Title
How Technology Is Reshaping Emergency Management. From Crisis Informatics to AI
Record Type
Video
Contact
Sarah Miller
Year
2,022
Publisher
Imara IHG

Summary
This lecture examines technology's impact on emergency management, focusing on crisis informatics and the dangers of misinformation. It highlights the cultural gap between tech design and operational needs, warning that data overload and automation can cause secondary disasters if not ethically aligned.
Description
This session explores how technology is transforming emergency management — and why adopting tools without understanding their limits can do more harm than good.

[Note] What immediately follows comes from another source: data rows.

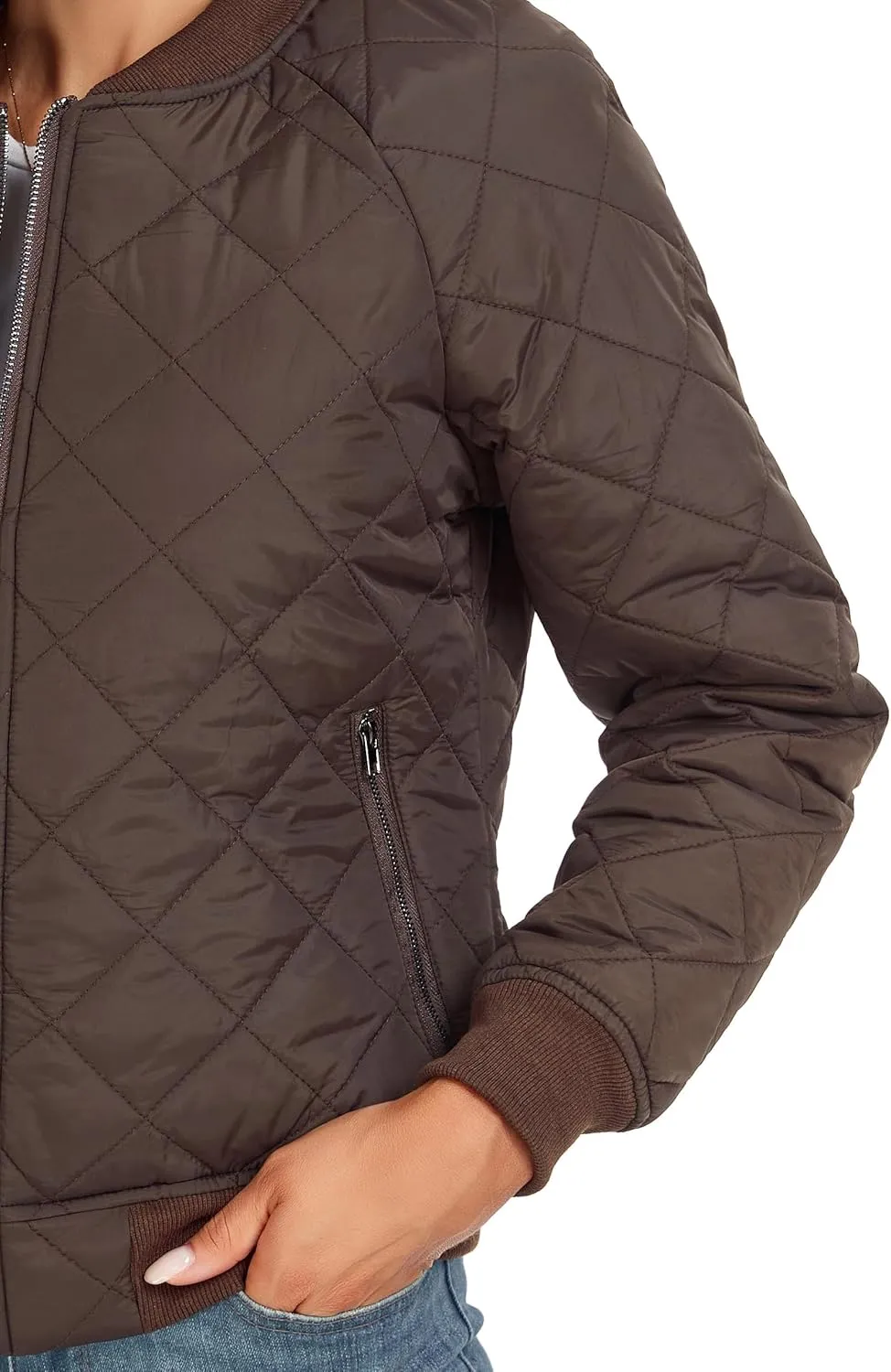 andy & natalie Women's Bomber Jacket Fashion Quilted Casual Lightweight Bomber Jakcets Zip up Outerwear Jacket with Pockets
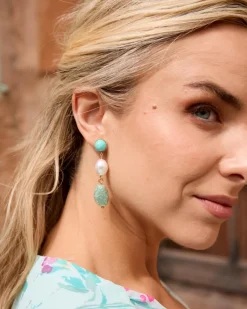 Joaillerie-Polin et moi Boucles d’oreilles pierres de mimosa Turquoise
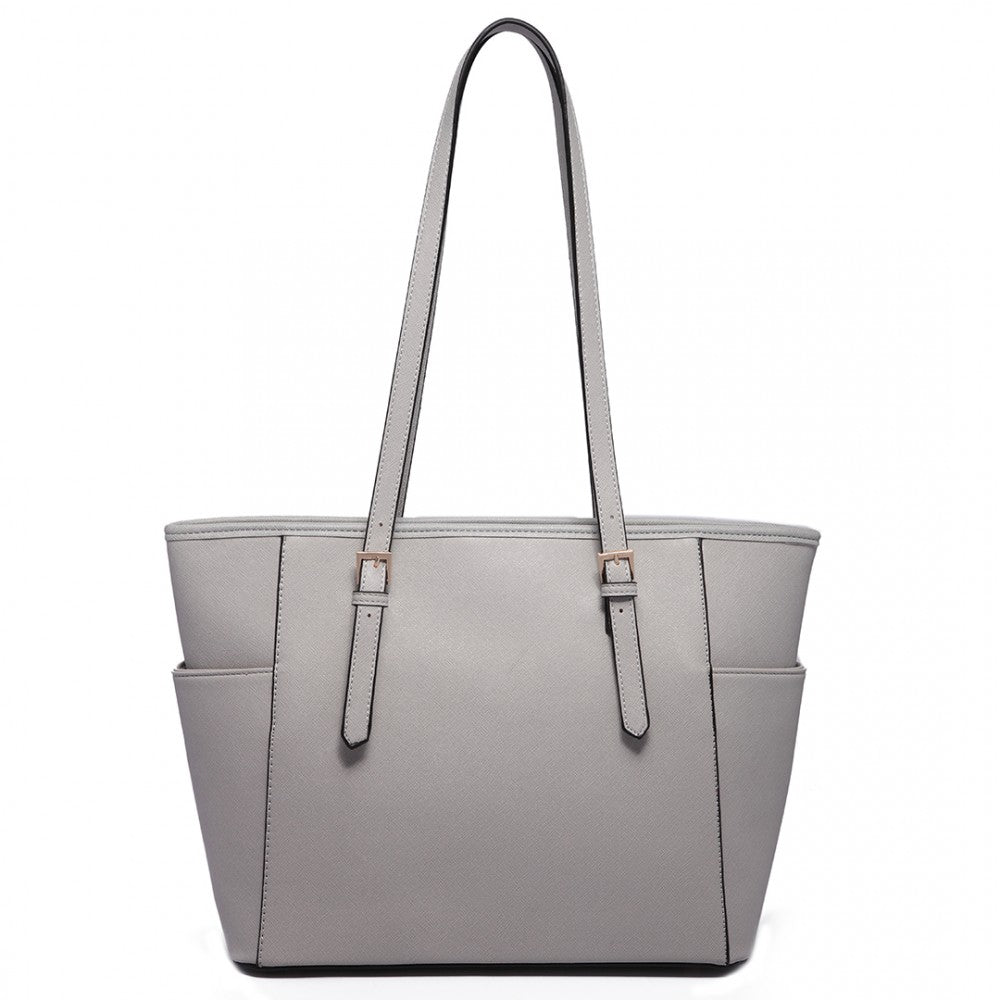 LM1642-1 - MISS LULU FAUX LEATHER ADJUSTABLE HANDLE TOTE BAG - LIGHT GREY - The Baggage Shop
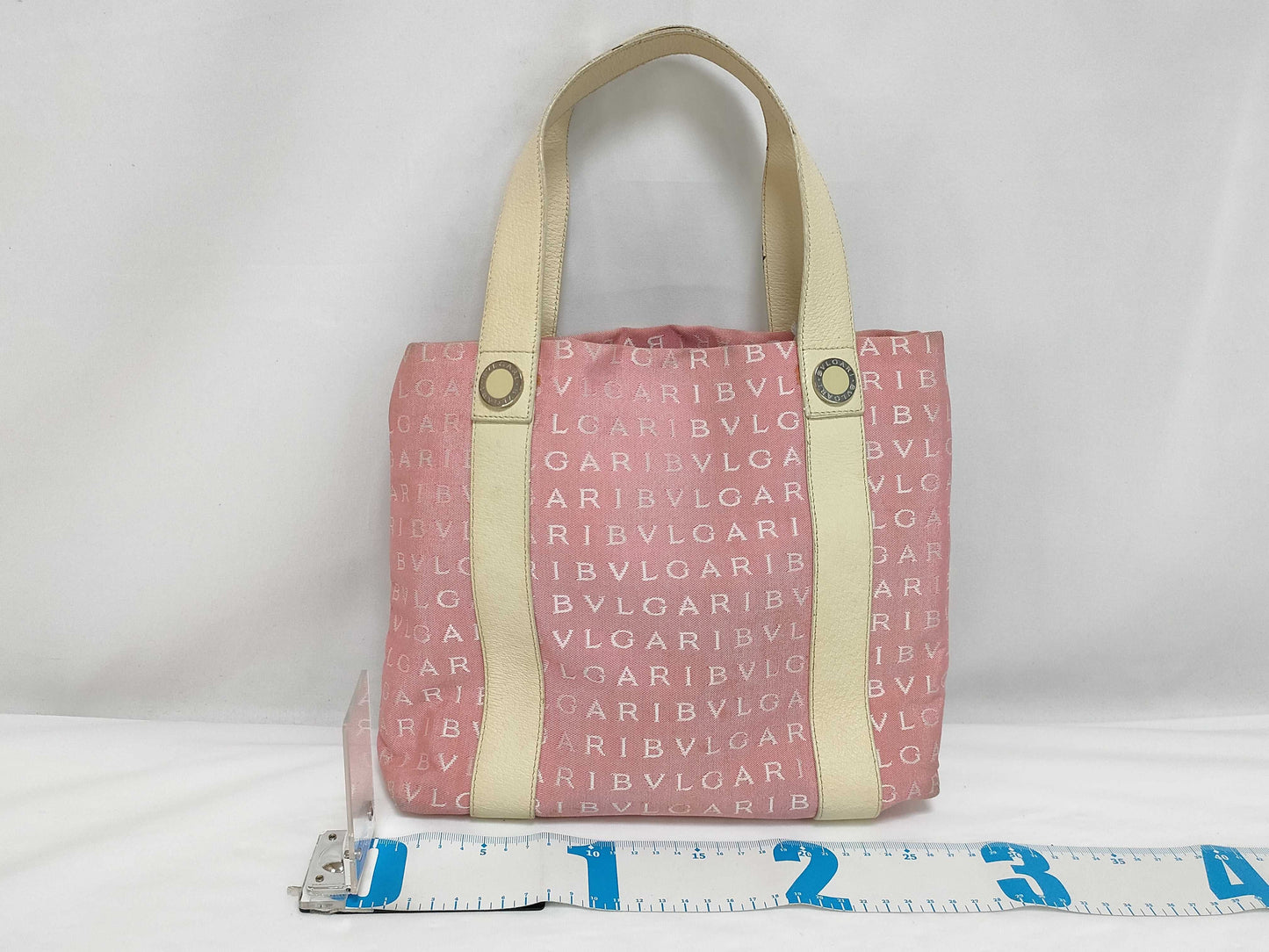 BVLGARI Logomania Canvas and Leather Tote Bag Pink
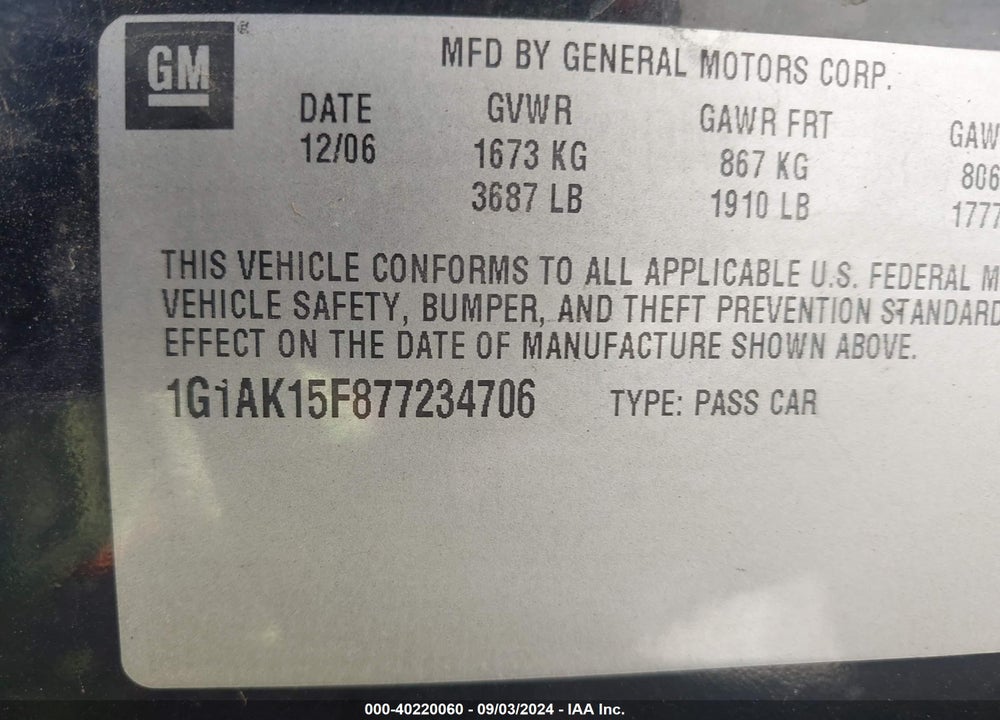 2007 CHEVROLET COBALT LS VIN: 1G1AK15F877234706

Drawing from real-world disasters, academic research, and practitioner experience, this lecture examines crisis informatics, misinformation, social media, data overload, and the deep cultural gap between technologists and emergency managers. It highlights why technology often fails in practice, how misuse can create secondary disasters, and what it would actually take to design systems that emergency managers can trust and use.

Topics covered include:

* Crisis informatics and disaster data
* Social media, misinformation, and disinformation in emergencies
* Lessons from the Boston Marathon bombing and crowd-based investigations
* Data overload, AI, and the limits of automation
* Ethics, equity, and unintended consequences of technology
* Why “great tech” often fails emergency management
* Designing technology that augments real-world practice
* The future of emergency management innovation

This video is part of our educational series designed for students, practitioners, researchers, and organizations working in disaster management, resilience, and public safety.